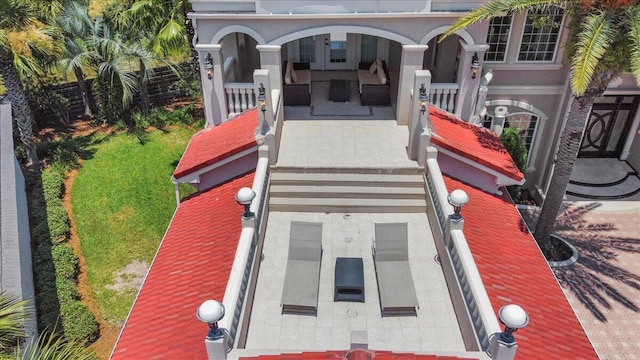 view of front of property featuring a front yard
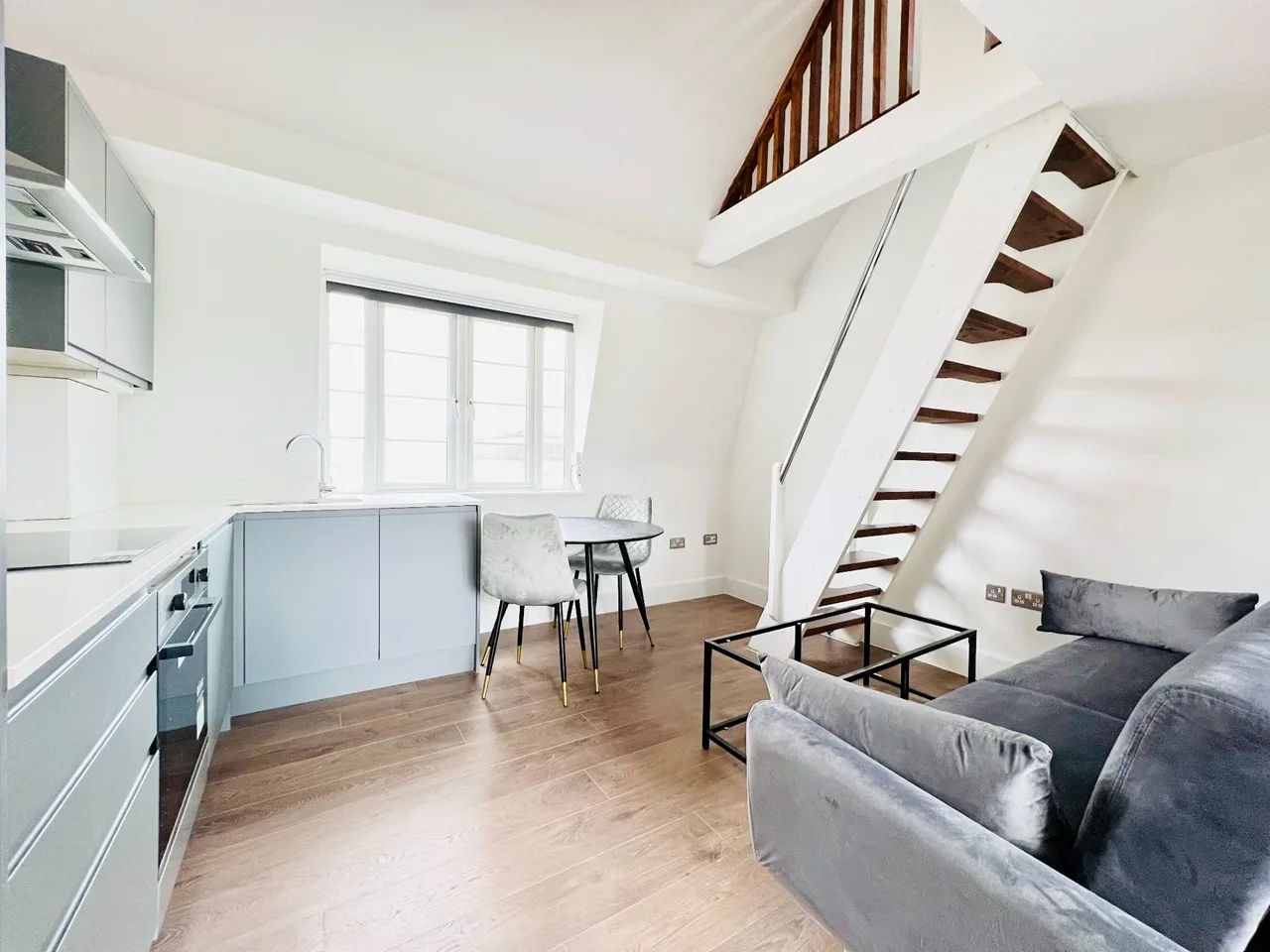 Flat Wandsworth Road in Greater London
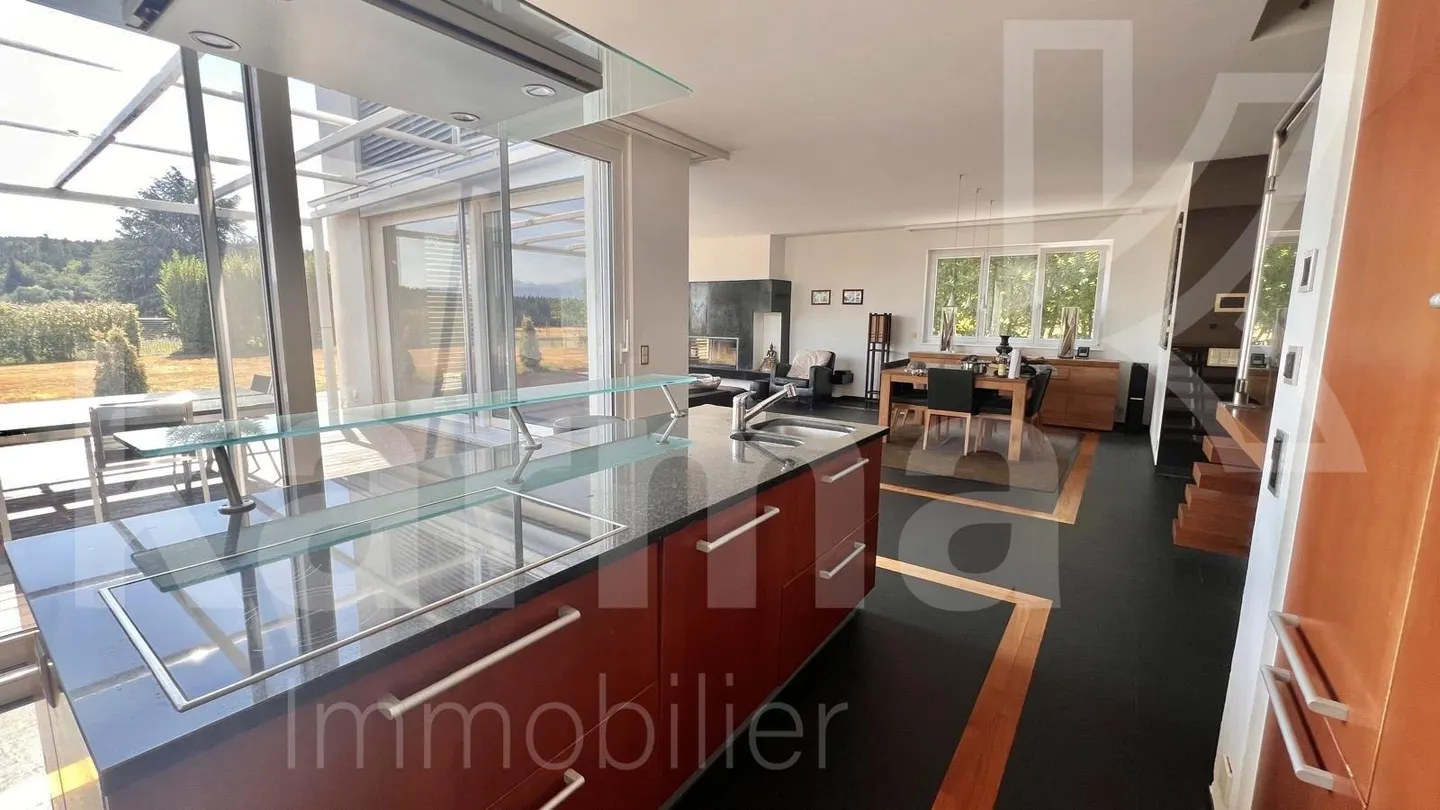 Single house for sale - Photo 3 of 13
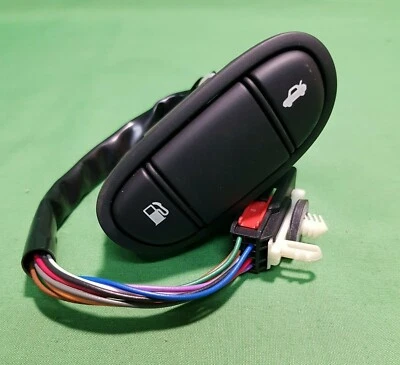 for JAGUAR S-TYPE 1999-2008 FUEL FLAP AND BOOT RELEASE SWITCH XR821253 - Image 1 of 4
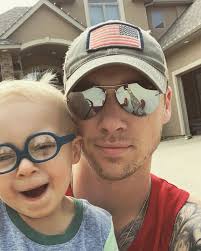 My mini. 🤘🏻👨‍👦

******************************

**Exercise objective**
Starting with the line that contains "for JAGUAR S-TYPE" and ending with the last line of the material, every line must be written out exactly; no other lines and no pictures are wanted.

**Response area**
 for JAGUAR S-TYPE 1999-2008 FUEL FLAP AND BOOT RELEASE SWITCH XR821253 - Image 1 of 4
 My mini. 🤘🏻👨‍👦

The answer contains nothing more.